Daily share volume plunged to 6.8 billion shares a day across U.S. markets and valuations are 16% below the 50-year trend.
The S&P 500 moved an average 1% per day in June. It's a big change from the beginning of the year. The first quarter of 2012 had a 0.5% average change per day.
The candlestick chart and one-day rate of change shows the chaotic shifts over the past month.
Outside of an outright plunge in the market, few conditions are as frustrating as a volatile market for retail investors. The big players can push volume and make money from tiny price changes. The rest of us are stuck on a roller coaster.
Of course, that assumes people are even willing to stay in the market. Evidence is piling up that many people are staying on the sidelines for now.

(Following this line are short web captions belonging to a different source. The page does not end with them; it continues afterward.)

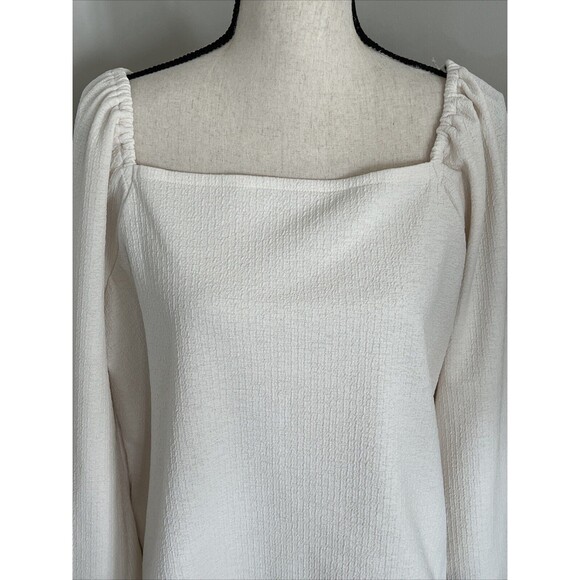 Madewell Ivory Square Neck Blouse Size 1x - Picture 4 of 9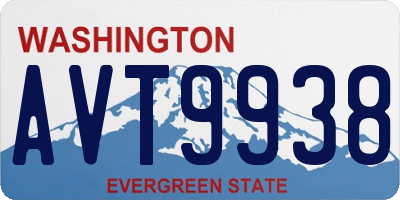 WA license plate AVT9938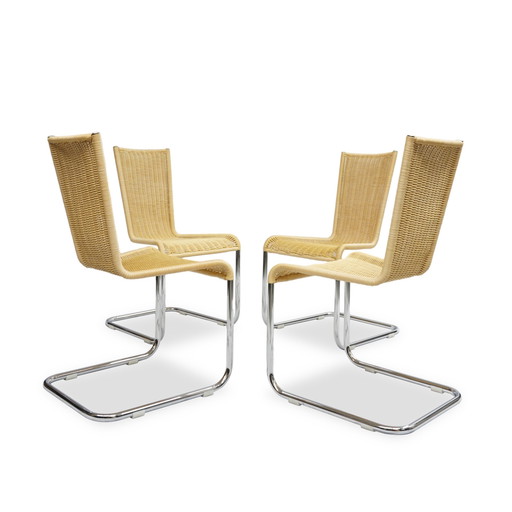 4X Tecta Wk 724 chairs | cantilever chairs Tecta wickerwork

"A lot of investors are just frozen, unsure what to do, so they do nothing," says Howard Ward of Gamco Investors Inc. "There are no raging bulls looking to leverage up on margin and risk their savings. Everyone is cautious, with some more so than others."
That would explain why mutual funds that invest in U.S. equities saw $1.8 billion in outflows for the week ending June 20 and $620 million in the previous week according to data from the Investment Company Institute.
Over the past three years, $300 billion has been pulled from the market. More than $190 billion has been taken out of American equity funds in the 13 months through May, while more than $200 billion has gone into bonds.
Midsummer trading normally sees less volatility and volume than the rest of the year. If June is an indicator for the rest of the summer, we won't have much of a chance to relax on vacation.